Plummer, who specializes in representing baseball players from the Dominican Republic, said in a telephone interview Wednesday that he had heard about two years ago that Gonzalez used a fake age.
"I found out that Gonzalez was four or five years older, but nobody asked me about it. By then, I was no longer involved," Plummer said.
Plummer and King - who began representing Gonzalez five or six months after he signed with the Nationals - both said neither the Nationals nor Major League Baseball contacted them in the course of the recent investigation.
Kasten said MLB is responsible for checking the documents of Latin American prospects and that Gonzalez was given the OK - twice, both at the time of his signing and then again in 2007 after Kasten said he heard rumors of "irregularities ... whether it was the amount of money or where the money wound up going or whatnot."
In recent years, several players in the majors and minors such as Miguel Tejada, Rafael Furcal and Bartolo Colon were found to be older than originally thought.
Most of the discrepancies involved players from Latin American countries, and were discovered when visas, birth certificates and other documentation were checked more closely following the Sept. 11 attacks.
"In the Dominican, you never know. You just never know anymore. That (stuff has) been going on for so long," Rijo, the 1990 World Series MVP for the Cincinnati Reds, said of players lying about their ages.

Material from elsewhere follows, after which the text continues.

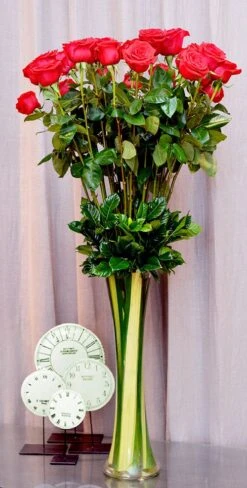 Sky High Roses -Flower Gift Shop shr14 1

Asked whether he had ever seen Gonzalez's documents, Rijo said: "You see a document, but you're going to see a real or a fake one, anyway. It doesn't matter. But you've got to go through Major League Baseball before you can get the kid to sign. "
Shortly after those comments, the Nationals announced that Kasten would be the only member of the organization, including Bowden, who would speak about the matter.

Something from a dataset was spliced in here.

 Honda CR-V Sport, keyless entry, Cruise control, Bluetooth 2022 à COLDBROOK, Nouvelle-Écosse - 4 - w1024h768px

Bowden met last year with FBI investigators looking into an alleged scam involving skimming signing bonuses for prospects from the Dominican Republic.
Kasten credited MLB's department of investigations - established after a recommendation in the Mitchell Report - with uncovering the hoax.
"It was kind of amazing how we finally broke through and got someone to confess," Kasten said, "and then the dominoes started falling."